§ **EXERCISE OBJECTIVE**
Return the following from the records below: each line, word for word, starting with the line that contains "New Hand Painted" and going on through the line that contains "Graphic | Small", with nothing outside that range.

RECORDS FOR PROCESSING START

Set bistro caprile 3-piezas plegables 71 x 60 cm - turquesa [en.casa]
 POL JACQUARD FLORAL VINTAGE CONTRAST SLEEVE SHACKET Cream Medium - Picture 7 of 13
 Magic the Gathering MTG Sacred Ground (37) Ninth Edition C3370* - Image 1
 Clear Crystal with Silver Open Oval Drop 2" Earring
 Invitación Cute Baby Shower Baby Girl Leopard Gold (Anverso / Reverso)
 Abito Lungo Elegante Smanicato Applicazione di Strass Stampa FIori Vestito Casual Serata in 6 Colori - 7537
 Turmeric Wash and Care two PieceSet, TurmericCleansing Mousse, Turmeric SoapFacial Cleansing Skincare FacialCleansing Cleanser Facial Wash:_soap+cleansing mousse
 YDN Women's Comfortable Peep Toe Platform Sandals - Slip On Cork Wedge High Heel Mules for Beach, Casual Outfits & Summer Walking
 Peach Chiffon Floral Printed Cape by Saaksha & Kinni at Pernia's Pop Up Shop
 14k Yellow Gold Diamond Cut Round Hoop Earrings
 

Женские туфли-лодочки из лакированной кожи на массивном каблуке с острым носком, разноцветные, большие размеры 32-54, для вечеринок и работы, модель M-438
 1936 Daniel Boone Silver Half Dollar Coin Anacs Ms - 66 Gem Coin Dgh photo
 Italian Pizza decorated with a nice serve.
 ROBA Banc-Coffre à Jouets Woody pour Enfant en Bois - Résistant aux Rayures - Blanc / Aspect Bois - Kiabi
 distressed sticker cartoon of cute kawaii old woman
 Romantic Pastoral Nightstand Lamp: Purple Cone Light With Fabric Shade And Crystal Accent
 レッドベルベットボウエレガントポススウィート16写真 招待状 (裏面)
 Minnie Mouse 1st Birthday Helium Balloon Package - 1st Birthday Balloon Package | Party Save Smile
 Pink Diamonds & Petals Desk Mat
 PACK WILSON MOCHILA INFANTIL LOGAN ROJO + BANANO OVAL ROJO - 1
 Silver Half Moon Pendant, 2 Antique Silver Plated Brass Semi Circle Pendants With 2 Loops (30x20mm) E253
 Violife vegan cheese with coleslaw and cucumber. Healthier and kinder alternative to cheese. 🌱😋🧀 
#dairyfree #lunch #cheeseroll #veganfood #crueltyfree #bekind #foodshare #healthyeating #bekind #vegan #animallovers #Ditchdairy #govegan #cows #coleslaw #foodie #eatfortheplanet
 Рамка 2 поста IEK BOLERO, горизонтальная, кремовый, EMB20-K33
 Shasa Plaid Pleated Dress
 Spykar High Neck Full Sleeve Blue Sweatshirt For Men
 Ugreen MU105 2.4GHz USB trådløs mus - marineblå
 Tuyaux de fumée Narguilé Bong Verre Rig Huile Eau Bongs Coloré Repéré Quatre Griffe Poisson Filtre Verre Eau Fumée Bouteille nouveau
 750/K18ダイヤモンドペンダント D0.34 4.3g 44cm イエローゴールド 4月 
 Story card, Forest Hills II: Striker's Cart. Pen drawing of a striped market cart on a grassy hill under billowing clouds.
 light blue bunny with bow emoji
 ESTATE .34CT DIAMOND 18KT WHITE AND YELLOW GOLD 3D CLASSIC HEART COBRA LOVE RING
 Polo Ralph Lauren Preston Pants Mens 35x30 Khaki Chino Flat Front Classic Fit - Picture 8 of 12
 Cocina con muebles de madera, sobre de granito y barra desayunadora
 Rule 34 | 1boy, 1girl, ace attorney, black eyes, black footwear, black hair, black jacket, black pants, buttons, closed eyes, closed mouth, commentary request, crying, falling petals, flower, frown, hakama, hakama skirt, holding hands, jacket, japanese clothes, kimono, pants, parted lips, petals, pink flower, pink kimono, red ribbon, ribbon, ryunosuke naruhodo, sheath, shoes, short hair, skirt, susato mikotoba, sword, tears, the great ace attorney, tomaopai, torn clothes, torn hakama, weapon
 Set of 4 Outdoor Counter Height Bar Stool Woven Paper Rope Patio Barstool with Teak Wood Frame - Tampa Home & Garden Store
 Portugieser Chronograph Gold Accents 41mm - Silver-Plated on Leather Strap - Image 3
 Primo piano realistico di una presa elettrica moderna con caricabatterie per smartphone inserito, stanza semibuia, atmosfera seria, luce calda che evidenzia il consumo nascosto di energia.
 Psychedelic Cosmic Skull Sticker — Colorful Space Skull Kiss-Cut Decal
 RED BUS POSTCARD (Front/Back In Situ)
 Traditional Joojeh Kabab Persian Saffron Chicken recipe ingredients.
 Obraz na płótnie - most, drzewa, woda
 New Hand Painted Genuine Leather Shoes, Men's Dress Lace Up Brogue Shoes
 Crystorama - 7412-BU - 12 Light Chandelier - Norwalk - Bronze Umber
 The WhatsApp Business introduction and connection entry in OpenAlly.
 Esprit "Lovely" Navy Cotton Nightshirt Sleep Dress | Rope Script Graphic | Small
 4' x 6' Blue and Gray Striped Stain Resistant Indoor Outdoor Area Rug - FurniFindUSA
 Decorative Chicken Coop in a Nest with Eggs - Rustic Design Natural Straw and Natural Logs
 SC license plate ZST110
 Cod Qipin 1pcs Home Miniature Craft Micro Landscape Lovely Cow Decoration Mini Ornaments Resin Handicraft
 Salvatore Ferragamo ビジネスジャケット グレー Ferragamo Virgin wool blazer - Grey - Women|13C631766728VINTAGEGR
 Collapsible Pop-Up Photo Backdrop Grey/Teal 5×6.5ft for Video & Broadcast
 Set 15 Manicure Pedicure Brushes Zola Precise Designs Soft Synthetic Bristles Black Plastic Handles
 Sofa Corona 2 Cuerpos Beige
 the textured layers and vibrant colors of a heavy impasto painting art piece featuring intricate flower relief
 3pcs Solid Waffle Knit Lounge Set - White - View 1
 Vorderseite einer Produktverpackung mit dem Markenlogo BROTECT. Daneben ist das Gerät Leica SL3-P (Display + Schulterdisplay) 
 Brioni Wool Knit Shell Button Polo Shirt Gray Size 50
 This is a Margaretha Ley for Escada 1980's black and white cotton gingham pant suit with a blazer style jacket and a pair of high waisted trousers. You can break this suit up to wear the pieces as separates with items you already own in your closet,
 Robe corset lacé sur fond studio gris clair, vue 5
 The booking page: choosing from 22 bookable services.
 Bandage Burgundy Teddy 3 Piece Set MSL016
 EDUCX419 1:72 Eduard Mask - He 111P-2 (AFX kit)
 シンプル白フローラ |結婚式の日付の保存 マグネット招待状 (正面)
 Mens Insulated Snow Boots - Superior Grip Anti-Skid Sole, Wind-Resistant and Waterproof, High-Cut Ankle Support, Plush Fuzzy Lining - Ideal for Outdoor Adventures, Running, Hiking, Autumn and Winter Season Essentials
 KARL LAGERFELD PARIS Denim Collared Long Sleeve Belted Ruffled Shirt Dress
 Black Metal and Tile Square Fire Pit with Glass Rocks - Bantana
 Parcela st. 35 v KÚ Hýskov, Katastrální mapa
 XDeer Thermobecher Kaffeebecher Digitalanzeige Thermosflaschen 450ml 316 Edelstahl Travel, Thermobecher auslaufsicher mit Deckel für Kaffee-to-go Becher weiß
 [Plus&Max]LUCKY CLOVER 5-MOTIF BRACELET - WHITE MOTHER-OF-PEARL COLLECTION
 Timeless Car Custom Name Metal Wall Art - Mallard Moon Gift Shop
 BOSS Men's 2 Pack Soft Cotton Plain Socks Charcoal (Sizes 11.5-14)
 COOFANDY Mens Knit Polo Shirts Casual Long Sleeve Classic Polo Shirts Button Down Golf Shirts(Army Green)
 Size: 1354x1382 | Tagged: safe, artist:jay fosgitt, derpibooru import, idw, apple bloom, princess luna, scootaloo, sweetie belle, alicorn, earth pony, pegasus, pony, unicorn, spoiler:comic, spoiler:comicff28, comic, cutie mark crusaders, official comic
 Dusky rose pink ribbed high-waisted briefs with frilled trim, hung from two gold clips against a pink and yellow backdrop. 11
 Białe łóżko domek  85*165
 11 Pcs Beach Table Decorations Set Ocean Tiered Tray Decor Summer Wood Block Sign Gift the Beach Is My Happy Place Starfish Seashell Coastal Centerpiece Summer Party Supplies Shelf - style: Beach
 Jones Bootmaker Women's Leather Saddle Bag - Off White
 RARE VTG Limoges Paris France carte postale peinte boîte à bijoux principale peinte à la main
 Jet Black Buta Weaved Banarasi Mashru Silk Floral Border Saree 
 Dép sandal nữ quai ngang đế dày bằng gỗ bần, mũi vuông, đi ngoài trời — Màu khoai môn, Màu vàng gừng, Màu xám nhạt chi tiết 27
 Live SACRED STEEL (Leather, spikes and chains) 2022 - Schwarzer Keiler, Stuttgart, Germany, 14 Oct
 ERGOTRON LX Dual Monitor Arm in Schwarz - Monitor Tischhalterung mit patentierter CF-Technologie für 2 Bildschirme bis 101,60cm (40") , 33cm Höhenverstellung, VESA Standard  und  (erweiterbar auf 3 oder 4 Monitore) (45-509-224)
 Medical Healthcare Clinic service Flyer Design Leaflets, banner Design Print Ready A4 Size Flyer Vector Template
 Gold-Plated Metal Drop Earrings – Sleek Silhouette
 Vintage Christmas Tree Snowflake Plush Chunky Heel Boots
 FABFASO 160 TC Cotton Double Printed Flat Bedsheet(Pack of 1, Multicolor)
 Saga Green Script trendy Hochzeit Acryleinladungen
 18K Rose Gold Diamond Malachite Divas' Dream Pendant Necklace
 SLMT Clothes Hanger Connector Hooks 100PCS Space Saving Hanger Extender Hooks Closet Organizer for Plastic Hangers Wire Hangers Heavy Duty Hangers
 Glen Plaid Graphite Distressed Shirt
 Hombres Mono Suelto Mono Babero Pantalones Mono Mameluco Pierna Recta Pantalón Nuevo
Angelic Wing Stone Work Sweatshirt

RECORDS FOR PROCESSING END

§ **RESULT FOR THIS TASK**
 New Hand Painted Genuine Leather Shoes, Men's Dress Lace Up Brogue Shoes
 Crystorama - 7412-BU - 12 Light Chandelier - Norwalk - Bronze Umber
 The WhatsApp Business introduction and connection entry in OpenAlly.
 Esprit "Lovely" Navy Cotton Nightshirt Sleep Dress | Rope Script Graphic | Small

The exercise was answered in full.